__Try it__: Copy the data that follows, character for character, minus the pictures.

__Provided material__:
============

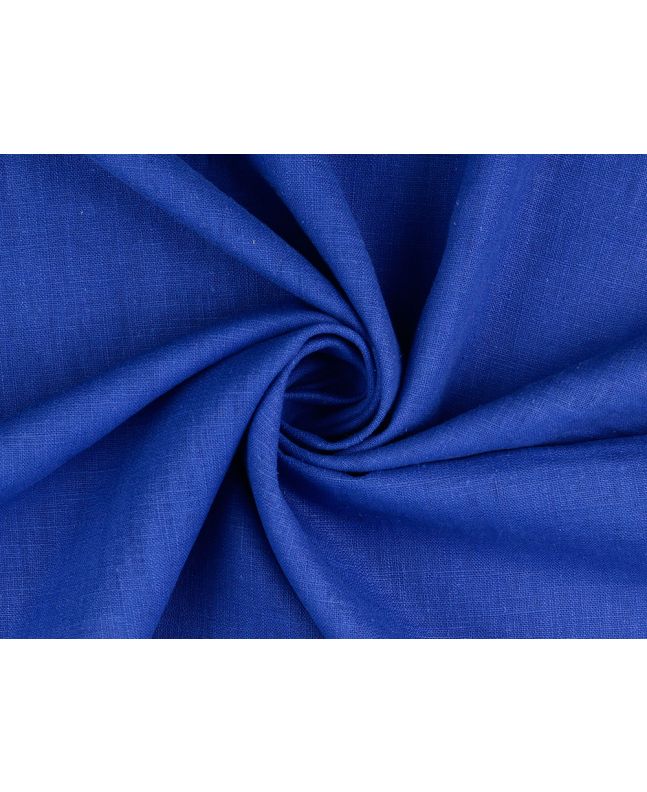 Ava Pure Washed Linen, Royal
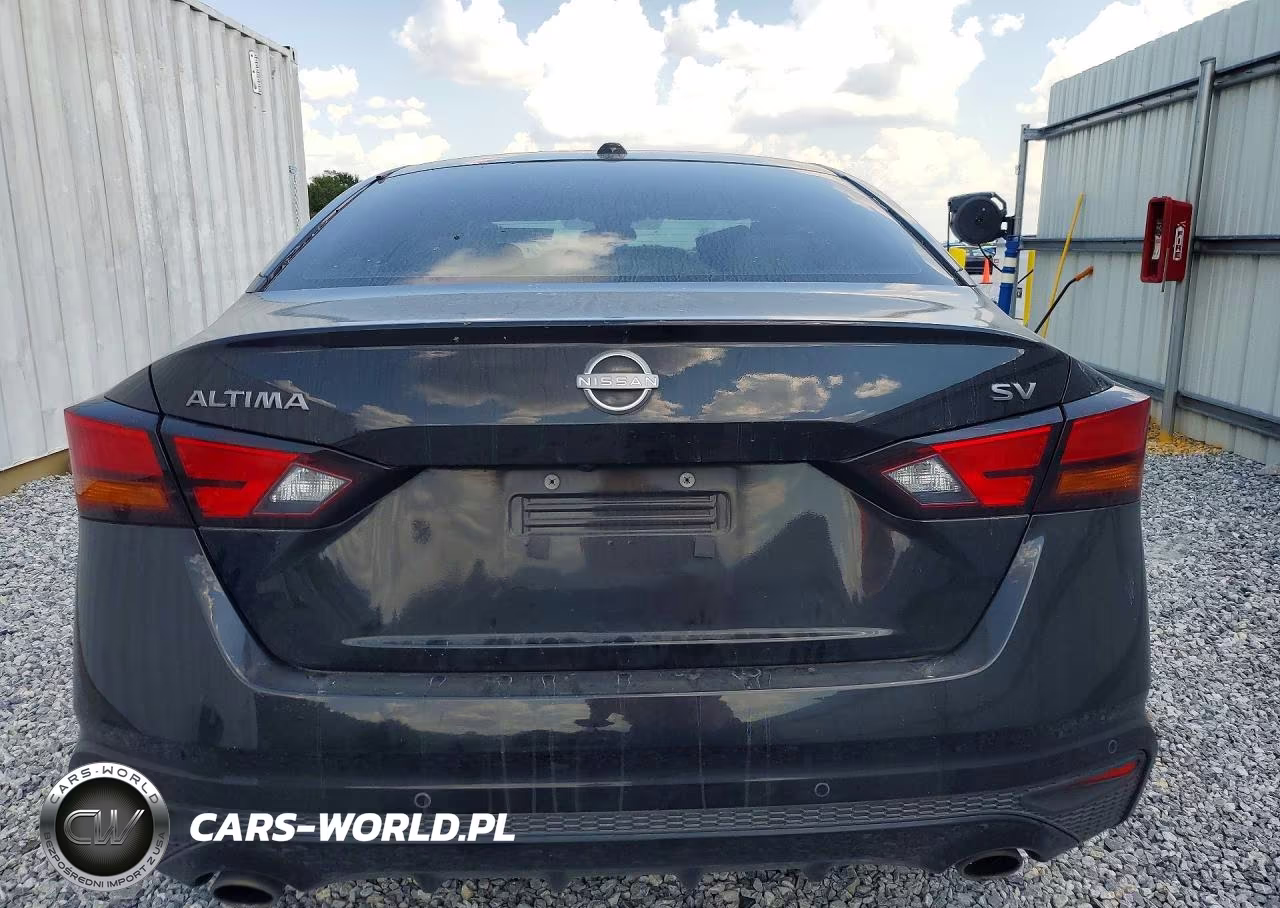 2023 Nissan Altima Sv VIN:1N4BL4DVXPN359212 - 6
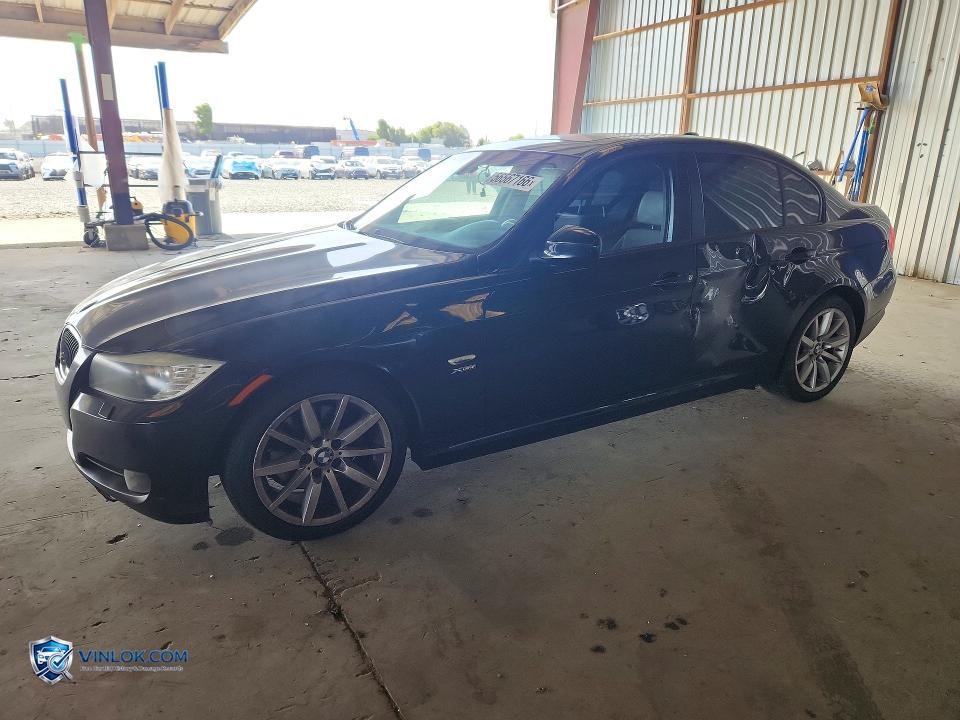 2009 BMW 328 XI SULEV – Lot 56567166 auction photo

============

__Task result__:
 Ava Pure Washed Linen, Royal
 2023 Nissan Altima Sv VIN:1N4BL4DVXPN359212 - 6
 2009 BMW 328 XI SULEV – Lot 56567166 auction photo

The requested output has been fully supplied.